• **Work task**:
Would you write out the listing verbatim and skip every picture in it?

• **Material provided**:
»»

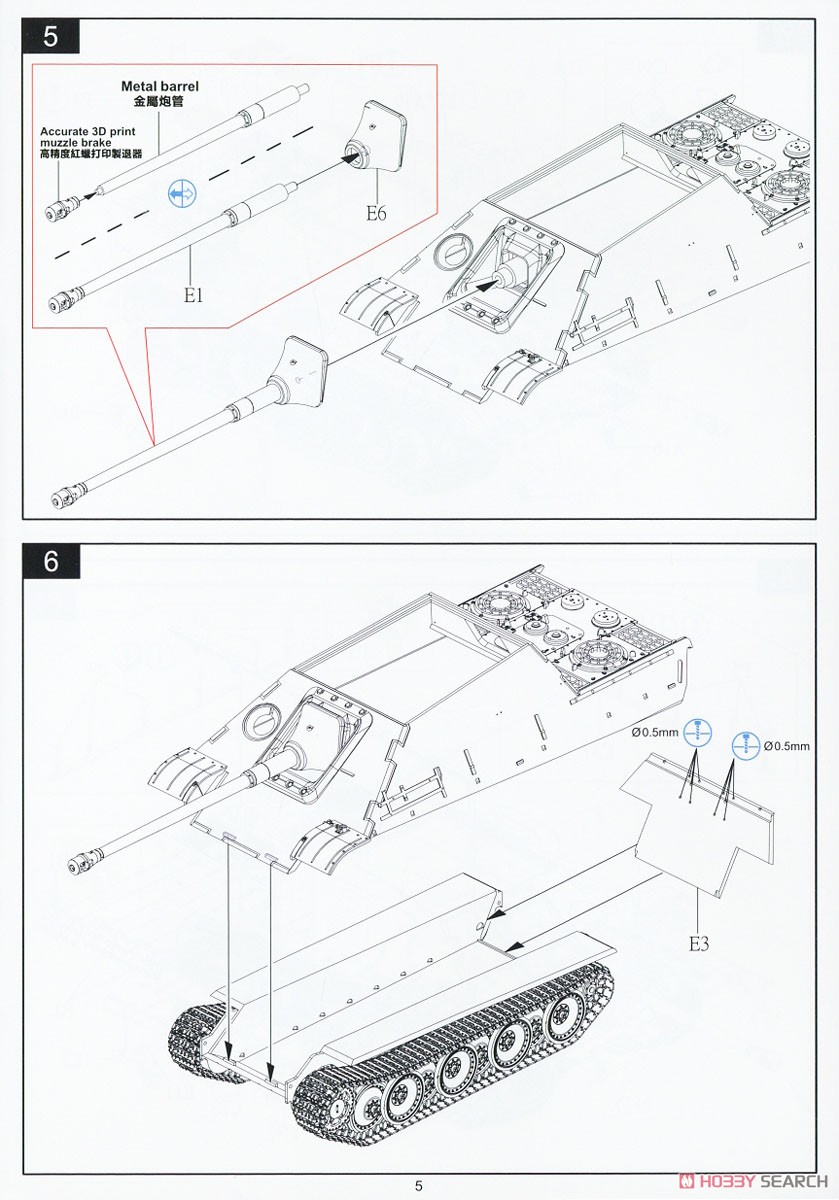 ドイツ 重駆逐戦車 ヤークトパンター G1 Sd.Kfz.173 後期型 (プラモデル) 設計図3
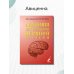 Анатомия центральной нервной системы. Краткий курс. Учебное пособие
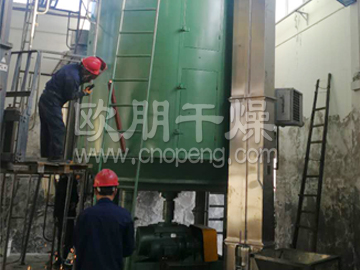 元明粉烘干盤式干燥工程
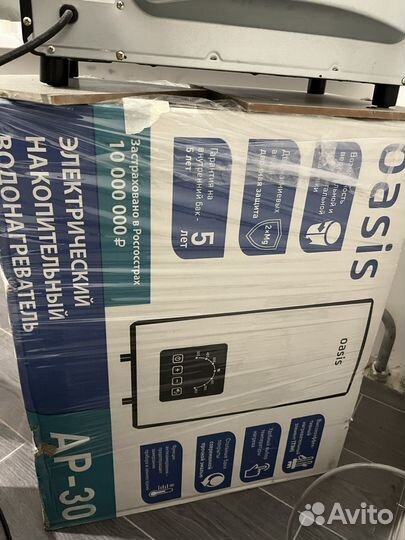 Водонагреватель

««

• **Task response**:
 ドイツ 重駆逐戦車 ヤークトパンター G1 Sd.Kfz.173 後期型 (プラモデル) 設計図3
 Анатомия центральной нервной системы. Краткий курс. Учебное пособие
 元明粉烘干盤式干燥工程
 Водонагреватель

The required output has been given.